This is also known as the back-door adjustment (Pearl 2009). Although using parametric methods would require additional assumptions on the functional form, there are two main benefits to using parametric approaches. First, when considering continuous treatment variables, the query of interest \(P(y\mid do(T=t))\) might not be available from data for the intervention \(do(T=t)\) of interest. Second, taking into account high-dimensional covariates Z, summing over all the strata z could be intractable. Both estimation problems can be circumvented by assuming the functional form (Hernan and Robins 2020).

When returning to the fundamental problem of causality and the adjustment formula as a result of various assumptions in Sect. 3, calculating the conditional expectation \(\mathbb {E}[Y\mid do(T=t)]\) of Fig. 4 can be reduced to evaluating \(\mathbb {E}_Z[\mathbb {E}[Y\mid T,Z]]\). This would require the evaluation of \(\mathbb {E}[Y\mid T,Z]\) adjusted for the probability P(z). However, a non-parametric evaluation of \(\mathbb {E}[Y\mid T,Z]\) is impossible when Z is high-dimensional. Therefore, one can fit a linear regression model to the data to receive the estimates for \(\mathbb {E}[Y\mid T,Z]\) for each combination of (tz) and only estimate the P(z) for the z that are present in the data. This is called standardization based on parametric models, or in more general form, the parametric g-formula.

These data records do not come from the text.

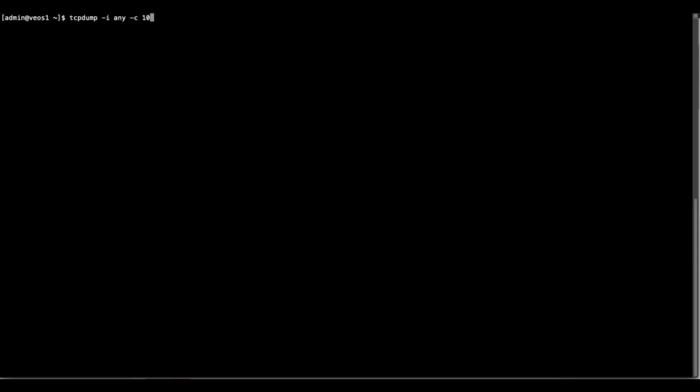So this means I want to capture just 10 packets. And then to write these packets to a pcap file, I use -w and then we say test.pcap.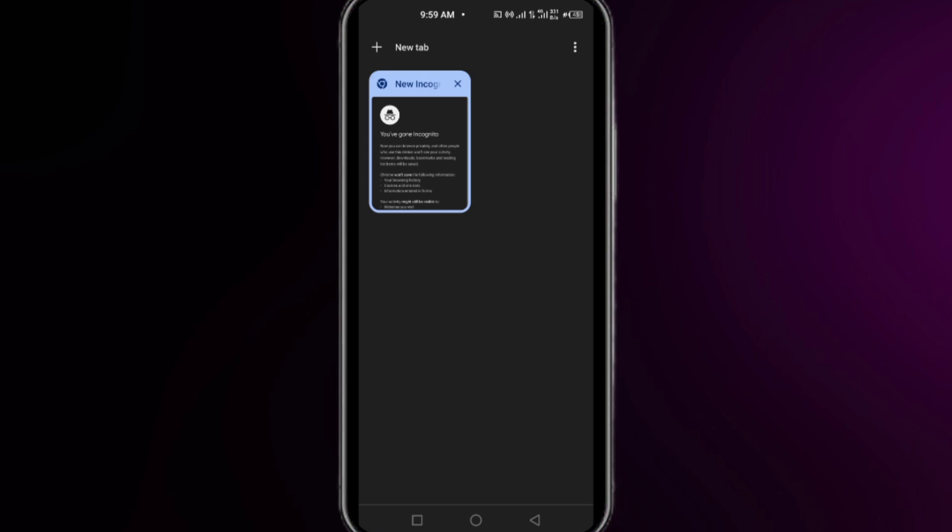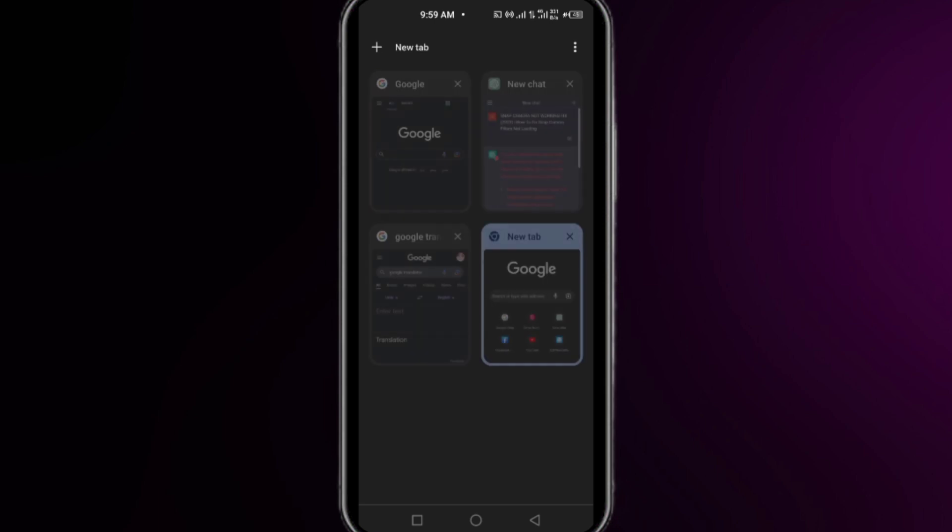Right after that, click the three lines at the top right corner, then click on New Tab. Once you click New Tab, you'll be in a new tab without any incognito mode in your Chrome browser.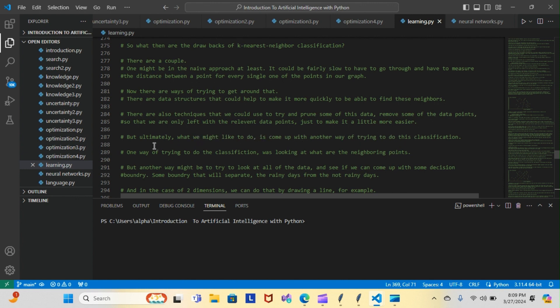One way of doing classification was looking at neighboring points, but another way might be to look at all of the data and see if we can come up with some decision boundary that will separate the rainy days from the not rainy days. In the case of two dimensions, we can do that by drawing a line.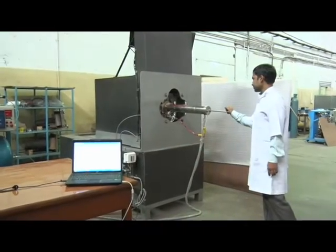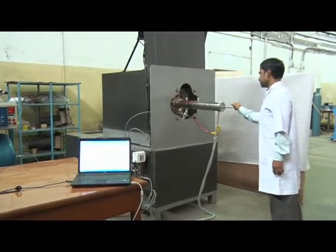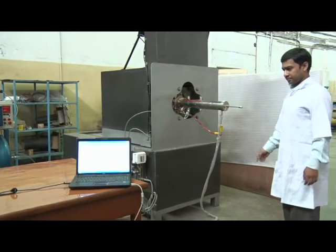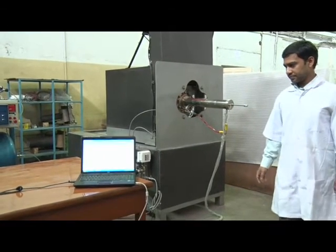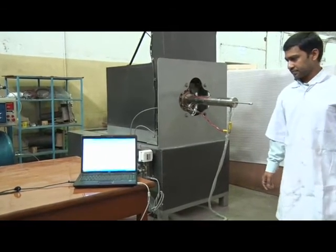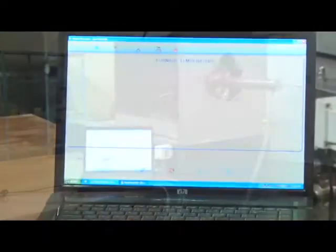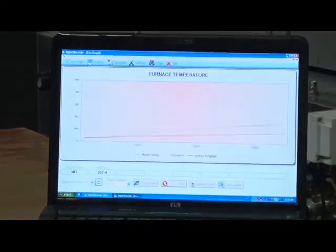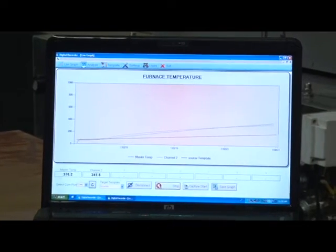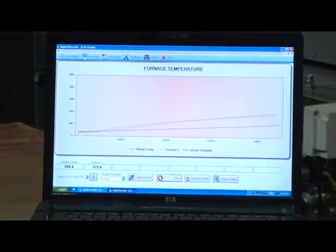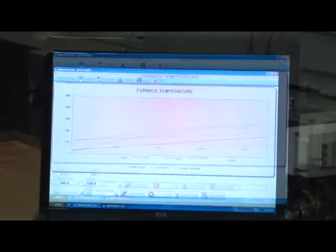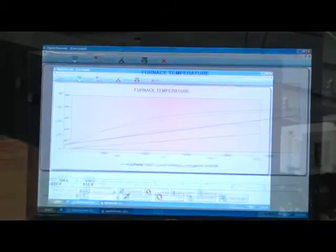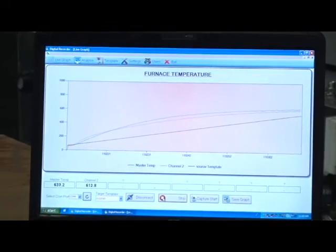Continuous annealing is initiated by making the specimen travel into the hot chamber by simply pushing the specimen mounting frame. The real-time data acquisition system allows you to record the temperature profile of the specimen as well as its surrounding gas atmosphere by two thermocouples provided with the specimen mounting frame.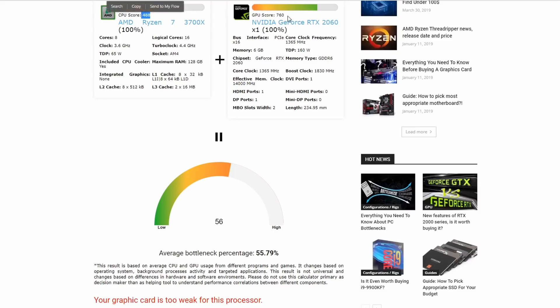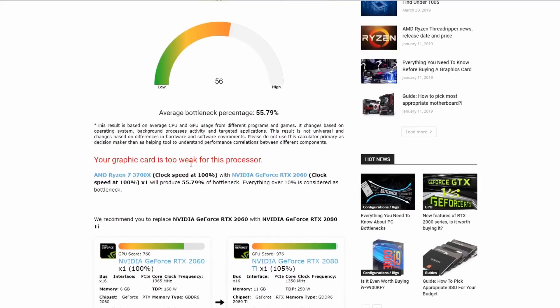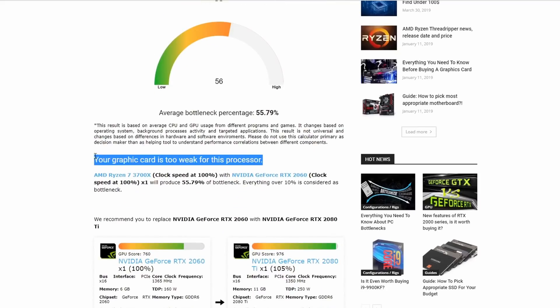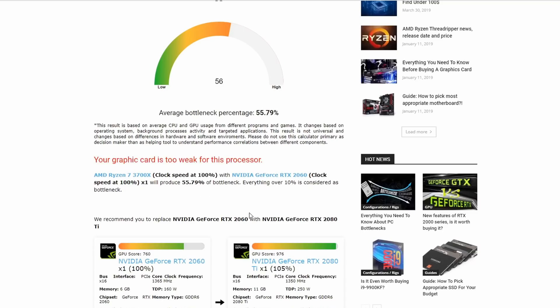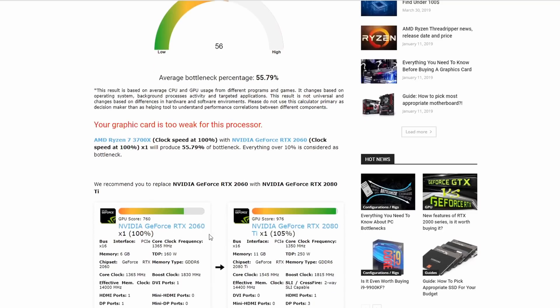Therefore, we advise you to use a 2018 card. If you find one of our projects, it should apply the first time you use this bottleneck tool. With what we have done, you can use the system as it was in 2018.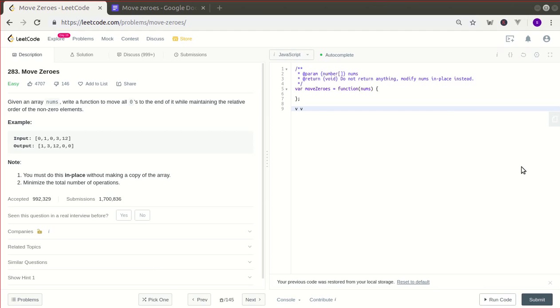Hi. Let's solve Move Zeros. The problem reads: given an array nums, write a function to move all zeros to the end of it while maintaining the relative order of the non-zero elements.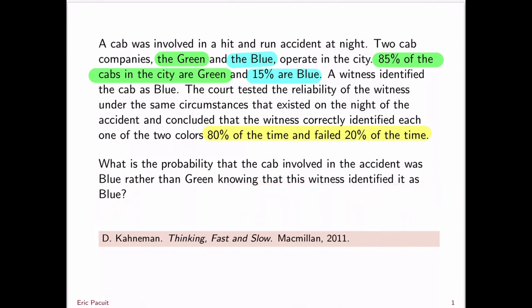So you have a witness, you're a juror, and you hear this witness. The witness says it was a blue cab. You know that 85% of the cabs in the city are green, you know that 15% are blue, they're the only cabs in the city, and you know that the witness is 80% reliable. So now the question is, do you believe this witness? What probability do you assign to the fact that the cab involved in the accident was from the blue company? Take a moment and try to answer this question just intuitively for yourself.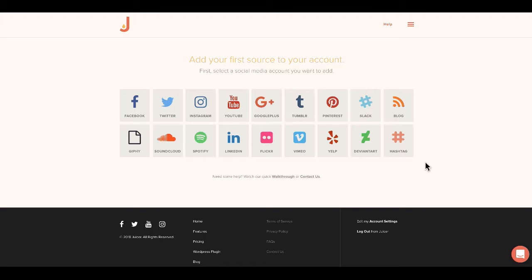At Juicer, when we say feed, we're referring to the wall of social posts that you will ultimately embed on your website to display the social content that you want. And when we say source, we're referring to a social account or a hashtag that you'll insert into the feed.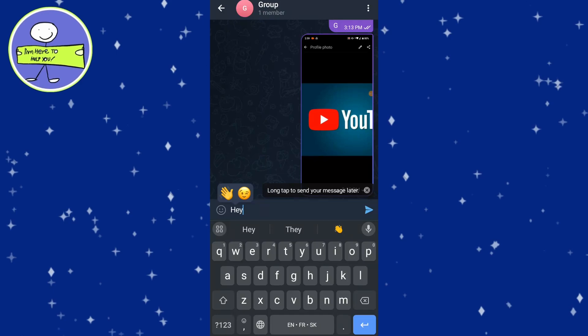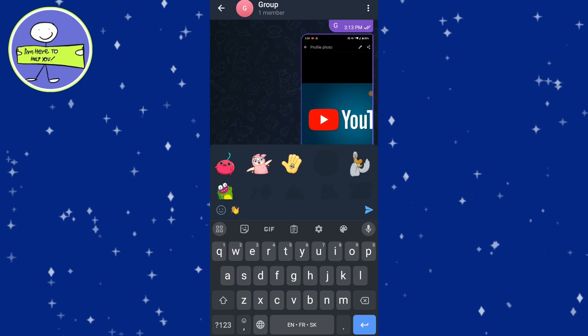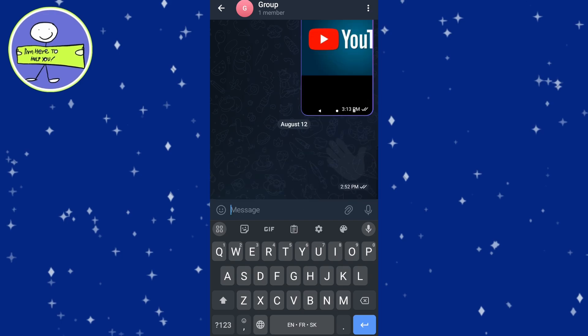In today's video I'm going to show you how to send a tap-to-copy text message in Telegram. First, open up the Telegram app on your device and go to the chat where you want to send the tap-to-copy message. Write the text you want to send.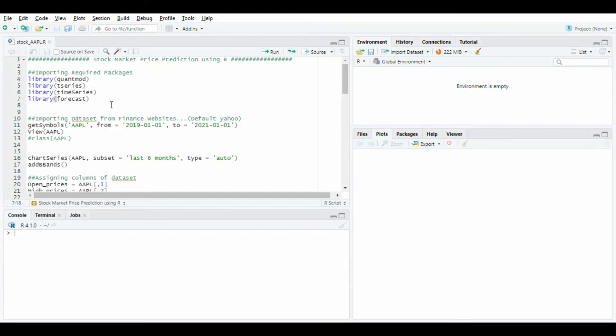Hello everyone. Today I am going to explain my project: stock market price prediction using R programming.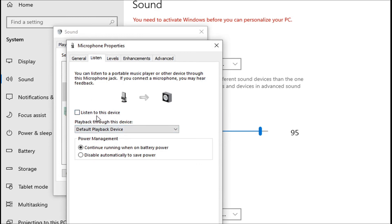If it is checked here, you just have to uncheck the option. Uncheck the listen to this device option, click apply and OK.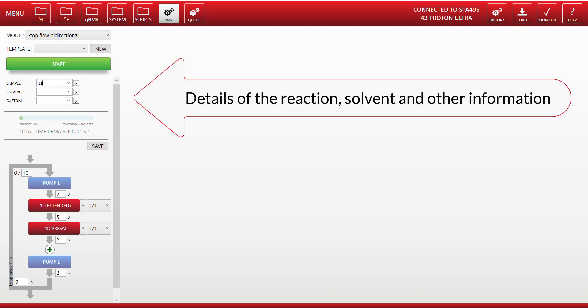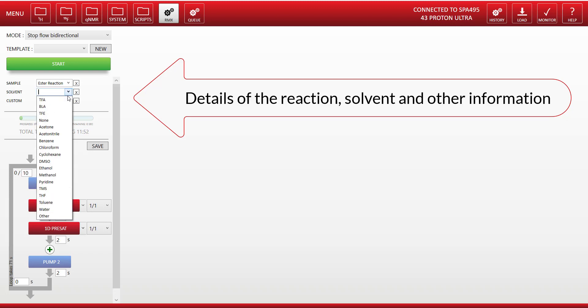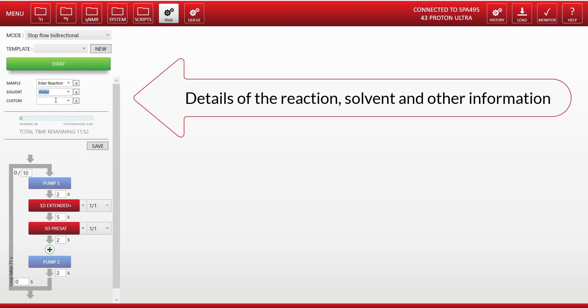In this area here you can recall details about the particular reaction you're running, the solvent you're running the reaction in, and any other custom information you want to record.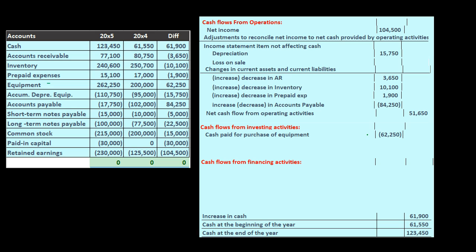As we go through the preliminary adjustments, we'll say equipment's difference is the number to use. This happened to be an increase, so we assume we paid cash for that increase. If it was a decrease, we'd assume we sold the equipment. It's probably messier than that, but we'll address it once we've reconciled to the $61,900 difference and then go back and fix this information.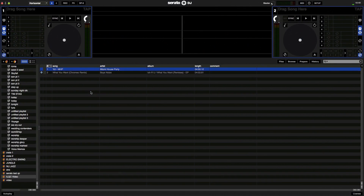So what do you need to get started? Either Serato Live or DJ software, a license for Serato Video, and a compatible controller or connected decks. Today I'm going to be using the Pioneer Ergo connected to Serato DJ, but Live is so similar you'll be able to follow along with it no problem.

Alternatively, \(\mathbb {E}(Y\mid do(T=t))\) can be further reduced to

$$\begin{aligned} \mathbb {E}(Y\mid do(t))=\sum _{y} \sum _{z}\frac{y P(y,t,z)}{P(t\mid z)} \end{aligned}$$

meaning we can marginalize out z from the joint probability if we account for the conditional probability \(P(t\mid z)\) for ending up in the treatment group \(T=t\). When Z is high-dimensional, this cannot be completed with non-parametric methods, but parametric model specifications need to be assumed. Logistic regression would be a straightforward choice in case of binary treatment. This is an example of inverse probability weighting (IPW).

Together with g-estimation methods, inverse probability weighting and the parametric g-formula belong to the family of g-methods, a class of methods that allows the computation of the average causal effects under time-varying treatments (Naimi et al. 2016). All these methods rely on the availability of a causal diagram and on assumptions that have been described in Sect. 3. These assumptions include consistency, positivity, (conditional) ignorability and no-interference as illustrated by Fig. 7. The connection between the g-formula and the truncated factorization formula looms large because the latter stems from the non-parametric causality research while the former originates in its parametric counterpart, both being derived from different assumptions.

In a similar way, expressions with the do-operator, such as \(\mathbb {E}(Y\mid do(T=t))\), can be formulated as expressions containing potential outcomes, \(\mathbb {E}(Y(t))\). Nonetheless, identifiable potential outcomes queries cannot always be reduced to observational queries via the do-calculus, as nested counterfactuals require more refined tooling for reduction. In Sect. 6 we explain that some properties of the do-calculus can be extended to account for the reduction of nested counterfactuals to observational queries as well (Malinsky et al. 2019).

5.3 Discovery, identification and inference with more relaxations

There are also many more departures from traditional assumptions in causal discovery and inference that we have omitted so far and will be discussed here. Deviations that we henceforth consider are departures from the no-interference assumption, departures that allow for context-specific independence and departures that consider a different kind of intervention.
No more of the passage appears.